### Task item
The lines to return run from the start of the material below through the line holding "Watch a video about Host Resource Hub", both included; please give them back exactly, minus the pictures.

######

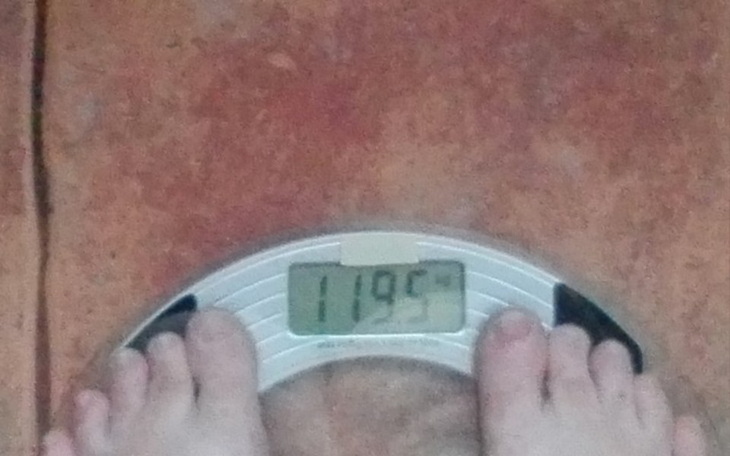 Zbiórka Zaburzenia odżywiania - leczenie - zdjęcie główne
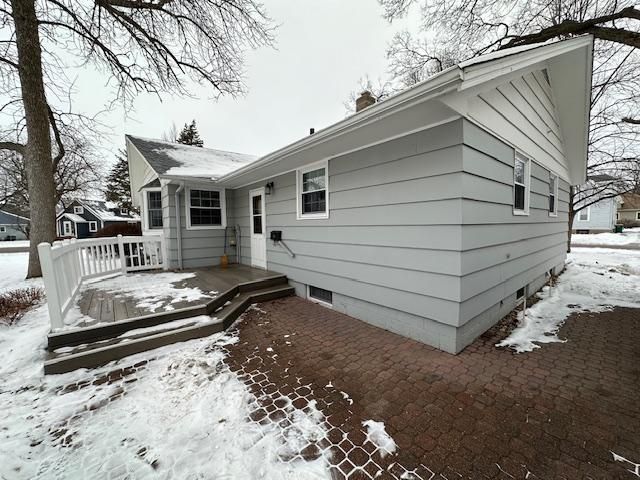 710 Lake Ave, Ortonville, MN 56278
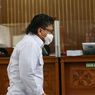 Jaksa Sebut Ferdy Sambo Hapus Sidik Jari di Pistol untuk Tembak Brigadir J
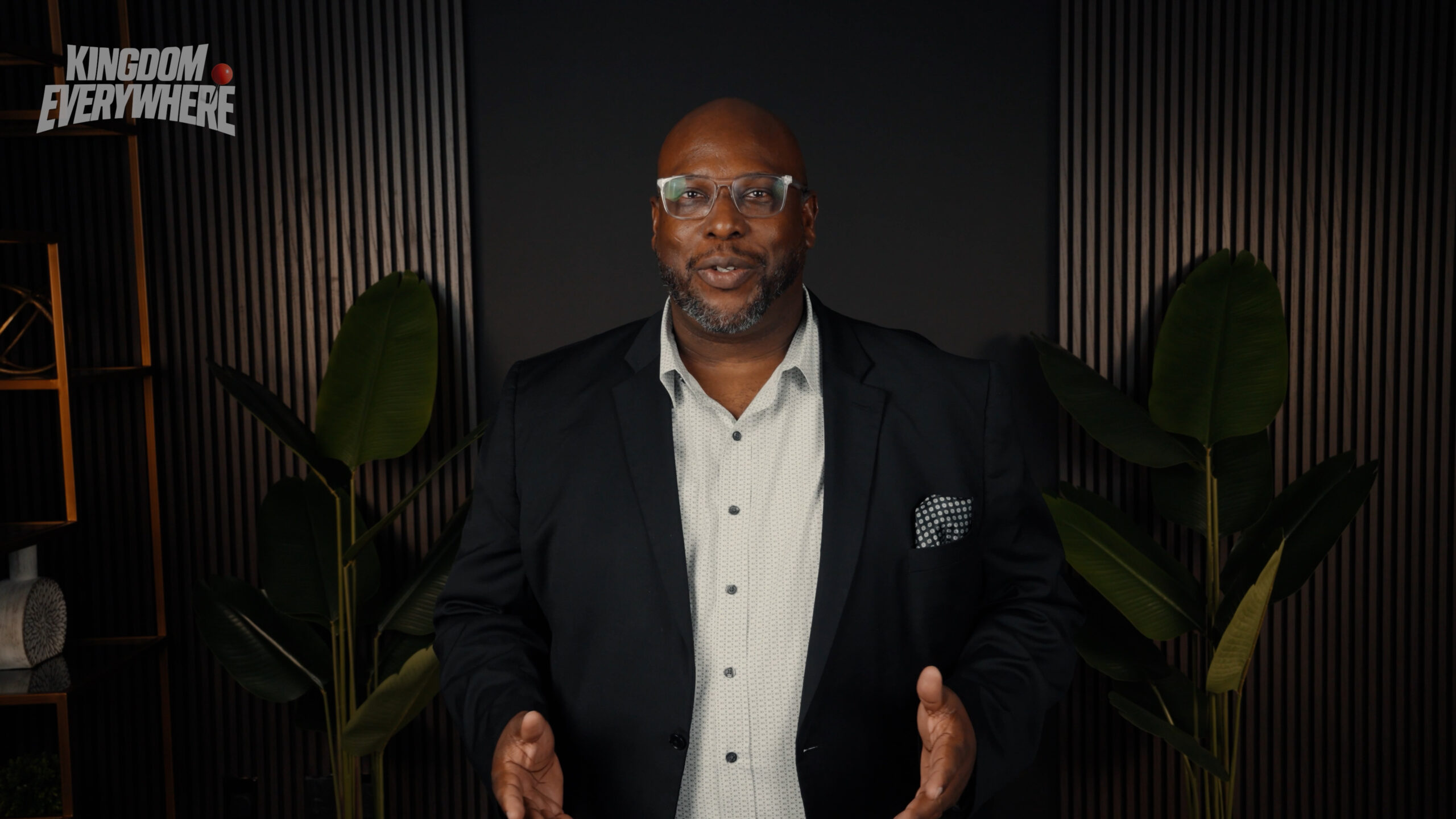 Watch a video about Host Resource Hub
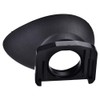 Eye Cup,Camera Lens Eyepiece Cup,Suitable for Canon 5DIII/1DX/7D/7DII/1DX/1DS MarkIII/1D MarkIII/1D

######

### Answer for this exercise
 Zbiórka Zaburzenia odżywiania - leczenie - zdjęcie główne
 710 Lake Ave, Ortonville, MN 56278
 Jaksa Sebut Ferdy Sambo Hapus Sidik Jari di Pistol untuk Tembak Brigadir J
 Watch a video about Host Resource Hub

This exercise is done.